Partitions
A partition is a set of compute nodes grouped logically based on their hardware features. The table below shows the available partitions and their properties / features in HPC2021 and AI-Research systems respectively.
For AI-Research System
Partition | Default / Max Job duration | # of nodes | cores per node | RAM(GB) per node | RAM(GB) per core | Features |
---|---|---|---|---|---|---|
debug | 4 Days | 1 | 256 | 1024 | 4 | EPYC7742 |
For HPC2021 System
Partition | Default / Max Job duration | # of nodes | cores per node | RAM(GB) per node | RAM(GB) per core | Features |
---|---|---|---|---|---|---|
intel (default) | 1 Day / 1 Week | 84 | 32 | 192 | 6 | GOLD6626R |
amd | 1 Day / 1 Week | 28 | 64 | 256 | 4 | EPYC7542 |
28 | 128 | 512 | 4 | EPYC7742 | ||
10 | 192 | 768 | 4 | EPYC9654 | ||
gpu | 1 Day / 1 Week | 4 | 32 | 384 | 12 | 4x V100 |
3 | 32 | 384 | 12 | 8x V100 | ||
l40s | 1 Day / 1 Week | 5 | 64 | 512 | 8 | 8x L40S |
15 | 48 | 512 | 10.6 | 4x L40S | ||
hugemem | 1 Day / 1 Week | 2 | 128 | 2048 | 16 | EPYC7742 + 2TB RAM |
condo_amd/c_mehpc3* | 1 Day / 1 Week | 8 | 128 | 512 | 4 | EPYC7742 |
condo_amd/c_foss_amd* | 1 Day / 1 Week | 8 | 192 | 768 | 4 | EPYC9654 |
condo_gpu/c_foss_gpu* | 1 Day / 1 Week | 2 | 64 | 1024 | 16 | 10x L40 |
* Partitions starting with “c_” are reserved for the owner of the machines. Normal user should use either “condo_amd” or “condo_gpu”. Jobs from the “condo_” partitions will be re-queued if the owners’ job have been queued for 1 hour.
Quality of Service (QoS)
Each QoS is assigned a set of limits to be applied to the job, dictating the limit in the resources and partitions that a job is entitled to request. The table below shows the available QoS in HPC2021 and their allowed partitions / resources limits.
For AI-Research System
QoS | Supported Partition(s) | Max Job Duration | Max Resources per job |
---|---|---|---|
debug (default) | debug | 4 days |
For HPC2021 System
QoS | Supported Partition(s) | Max Job Duration | Max Resources per job |
---|---|---|---|
debug | intel, amd, gpu, l40s, condo_amd | 30min | 2 nodes, 2 GPUs |
normal (default) | intel, amd, condo_amd | 1 Week | 1024 cores |
long | intel, amd, condo_amd | 2 Weeks | 1 node |
^ special | intel, amd | 1 Day | 2048 cores |
^ gpu | gpu, l40s | 1 Week | 1 node, 4 GPUs |
^ hugemem | hugemem | 1 Week | 1 node, 2TB RAM |
^ Require special approval
Users are advised to specify a suitable QoS depending on the job’s requirement.

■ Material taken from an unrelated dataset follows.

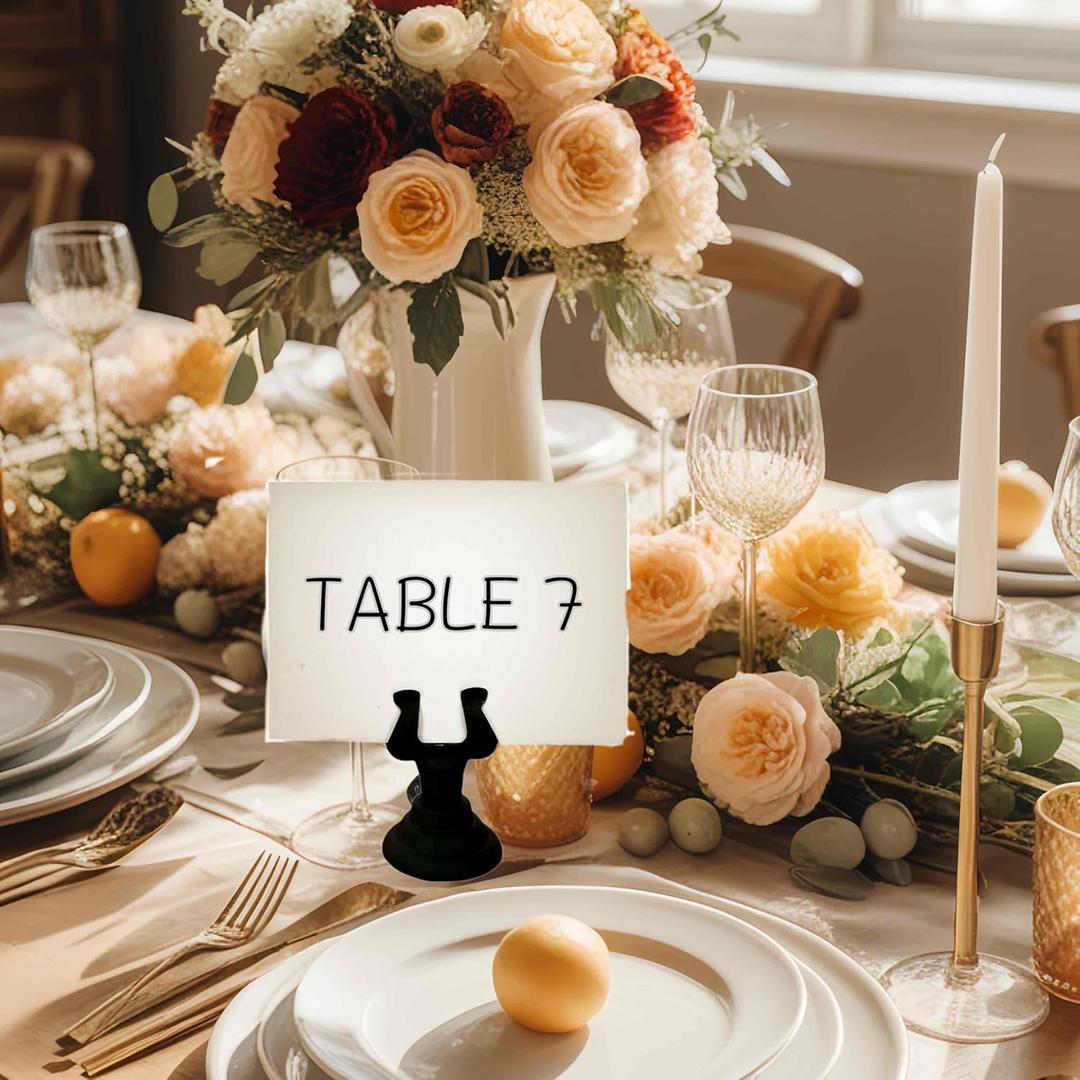 5PCS 1.5 Inch Table Number Holders, Place Card Holders, Table Card Holders Idea for Wedding, Banquets, Anniversary Party, Christmas, New Year (Black, 1.5-Inch)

- For those jobs supporting parallel computing that utilizes computing resources across multiple nodes (e.g. via MPI) , then the “normal” QoS is a desirable one as the job may request for a handful of CPU cores.
- For those serial jobs or multi-threaded (OpenMP) jobs that can only be executed on a single node and it is expected to take a longer running time, then the “long” QoS is a more preferable one as the job may request for a node with a longer job duration (up to two weeks).